Jetzt gilt alle Aufmerksamkeit und Optimismus der Olympiaqualifikation Mitte März in Berlin. Dort spielt Team-Deutschland in einem Vierer-Turnier mit Schweden, Slowenien und Algerien um zwei(?) Tokio-Tickets.

Judo: Erster Weltcup 2021 in Katar

Vom 11. bis 13. Januar 2021 eröff­ne­te die Internationale Judo-Föderation (IJF) die dies­jäh­ri­ge IJF-World-Tour in Katar. Beim Top-Event am Persischen Golf gin­gen 184 Frauen und 215 Männer - ins­ge­samt 399 Athleten - aus 69 Nationen an den Start. Das deut­sche Team war mit 7 Frauen und 8 Männern ver­tre­ten. Sie kehr­ten mit 3 Bronzemedaillen zurück. Im Medaillenspiegel belegt Frankreich mit fünf Goldmedaillen, einer Silber- und einer Bronzemedaille den ers­ten Platz vor Südkorea (3/0/0), Japan (2/5/0), Georgien (2/1/2) und den Niederlanden (1/1/5).

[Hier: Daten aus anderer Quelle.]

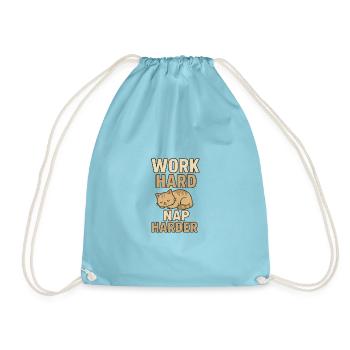 Work Hard Nap Harder - Drawstring Bag - aqua - Front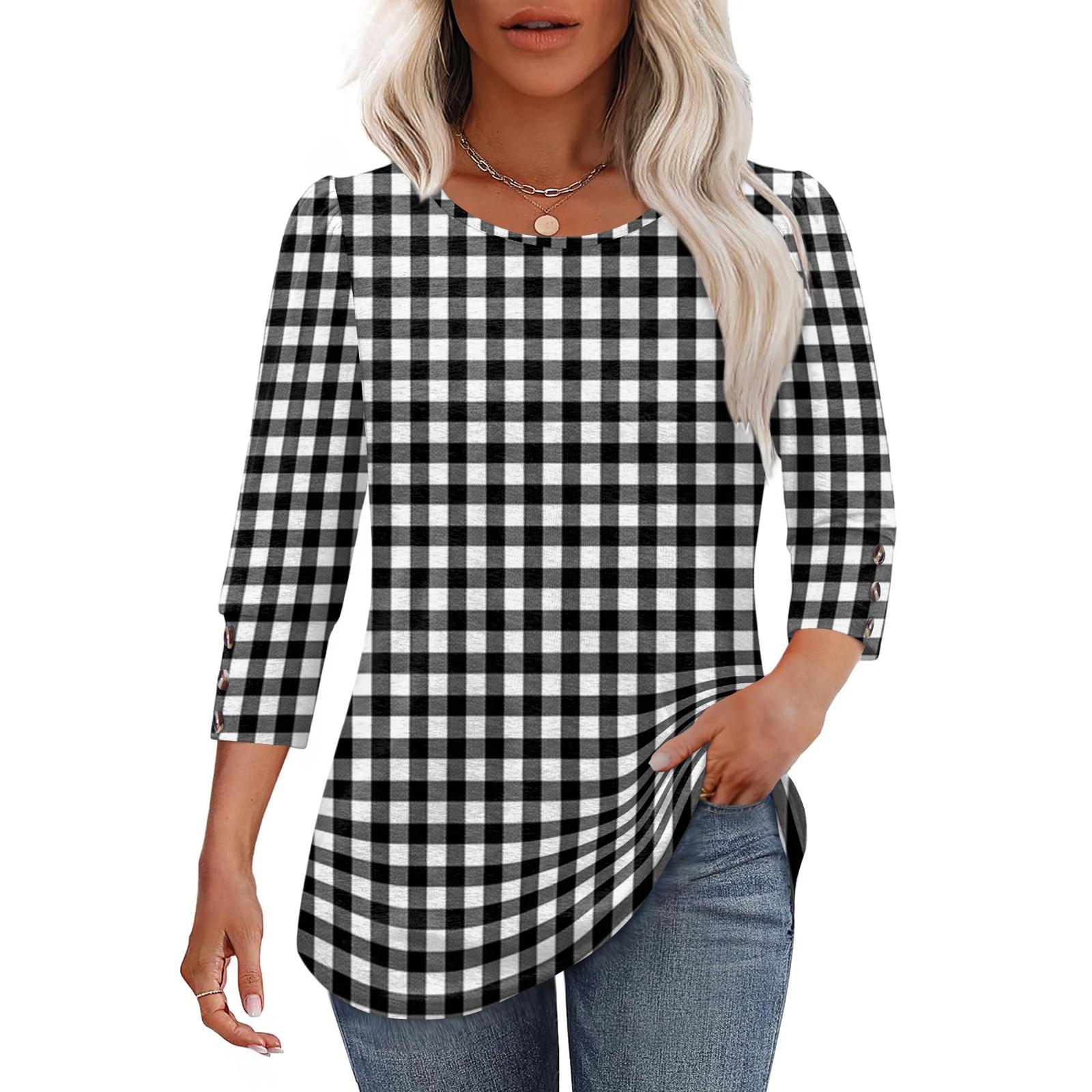Women Casual Loose Fit Round Neck Three Quarter Sleeve Striped Blouse Button Detail Lightweight Top for Everyday Wear L чёрный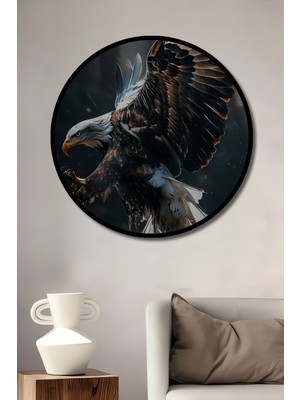 Teona Ahşap Çerçeve Görünümlü Gökyüzünün Görkemi Dekoratif Ahşap Mdf Ev Duvar Tablo Yuvarlak Ev Duvar Tablo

Vize-Europameisterin Luise Malzahn unter­lag im Viertelfinale der 78-kg-Klasse gegen Welt- und Europameisterin Madeleine Malonga aus Frankreich und muss­te sich am Ende mit einem sieb­ten Platz zufrie­den geben.

Nächste Station der IJF Judo World Tour auf dem Weg zu den Olympischen Spielen in Tokio ist der Judo Grand Slam in Tel Aviv (Israel) vom 18. bis 20. Februar 2021.

Tischtennis:  TTC Eastside erneut Pokalsieger 

In einem span­nen­den, hoch­klas­si­gen Finale benö­ti­gen die Berlinerinnen in eige­ner Halle in der Paul-Heyse-Straße drei­ein­halb Stunden, um Dauerrivalen DJK Kolbermoor mit 3:2 zu bezwingen.

Der TTC trat mit der glei­chen Mannschaft an, die im Dezember die Champions League gewon­nen hat­te. Im Pokal-Finale hol­ten Britt Eerland (gegen Kristin Lang) und Nina Mittelham (gegen Yuan Wan) in den Einzeln die Punkte. Gegen die über­ra­gen­de Fu Yu aber unter­la­gen Xiaona Shan und auch Eerland. So muss­te das abschlie­ßen­de Doppel ent­schei­den. Shan/Mittelham setz­ten sich gegen Lang/Wan schließ­lich mit 3:1 durch.

Es war der sie­ben­te Pokalsieg in der Vereinsgeschichte.

Wasserball: Sieg nach 10-monatiger Corona-Pause

Deutschlands Wasserballer gewan­nen ihr ers­tes Länderspiel nach zehn Monaten. Gegen den EM-Zehnten Georgien sieg­te das DSV-Team in Warendorf mit 18:9. Für das DSV-Team war es das ers­te offi­zi­el­le Spiel seit dem 11. März ver­gan­ge­nen Jahres. Damals gab es beim Vier-Nationen-Turnier in Hamburg eine 10:12-Niederlage gegen den EM-Dritten Montenegro. Zwei Tage spä­ter wur­de der ers­te Lockdown im Bundesgebiet verkündet.

In Warendorf berei­ten sich die Wasserballer um Bundestrainer Hagen Stamm auf die Olympia-Qualifikation in Rotterdam vom 14.-21.2.2021 vor. Im Vorbereitungs-Team auch die acht Spieler von den Wasserfreunden Spandau 04 Marko Stamm, Lucas Gielen, Marin Restovic, Dennis Strelezkij, Maurice Jüngling, Mateo Cuk, Yannek Chiru und Aleks Sekulic.